*PROBLEM DESCRIPTION*:
Please write out all of the data below exactly, without including the pictures.

*EXTRACTED MATERIAL*:
__________

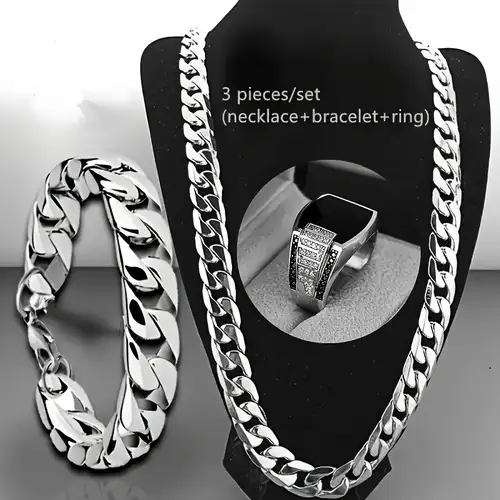 Juego De Collar Y Pulsera De Acero Inoxidable Para Hombre - 8 Mm De Ancho, Cierre Mosquetón
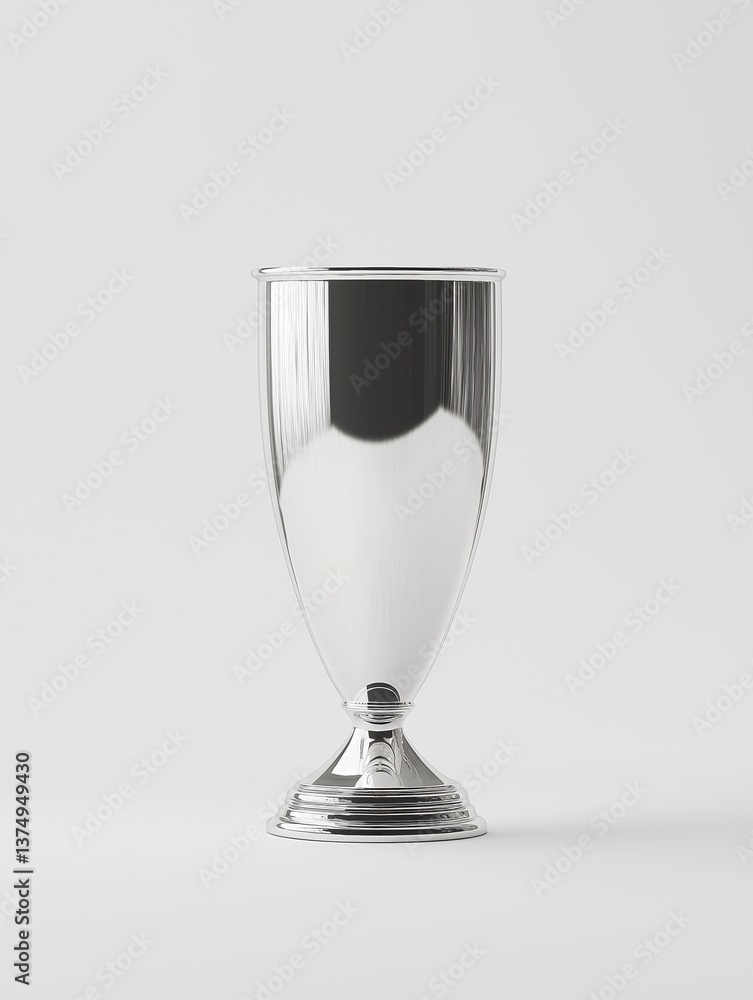 Poster 3d rendering of a wine glass. the glass is made of clear glass and has a round base with a small kno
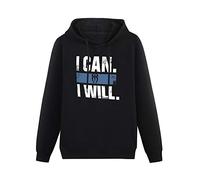Men's Heavyweight Hooded Roman Reigns I Can I Will Long Sleeve Sweatshirts Black S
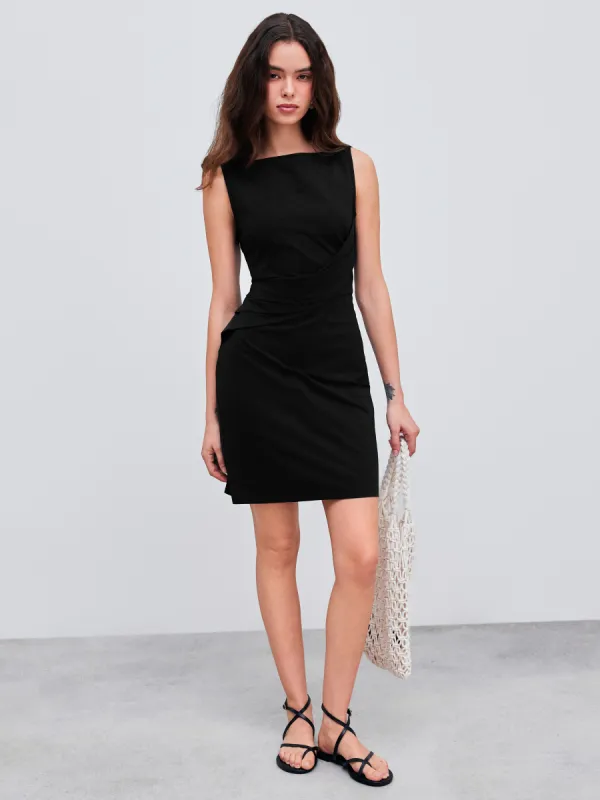 Boat Neck Solid Zipper Mini Dress sold by Cider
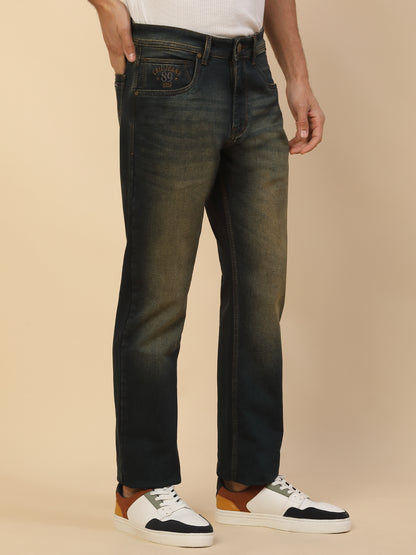 Denim Jeans for Men | Breathable & Soft with Color Fastness Straight Fit Poly Cotton Fabric Solid Pattern Button Closure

__________

*ANSWER TO THE PROBLEM*:
 Juego De Collar Y Pulsera De Acero Inoxidable Para Hombre - 8 Mm De Ancho, Cierre Mosquetón
 Poster 3d rendering of a wine glass. the glass is made of clear glass and has a round base with a small kno
Men's Heavyweight Hooded Roman Reigns I Can I Will Long Sleeve Sweatshirts Black S
 Boat Neck Solid Zipper Mini Dress sold by Cider
 Denim Jeans for Men | Breathable & Soft with Color Fastness Straight Fit Poly Cotton Fabric Solid Pattern Button Closure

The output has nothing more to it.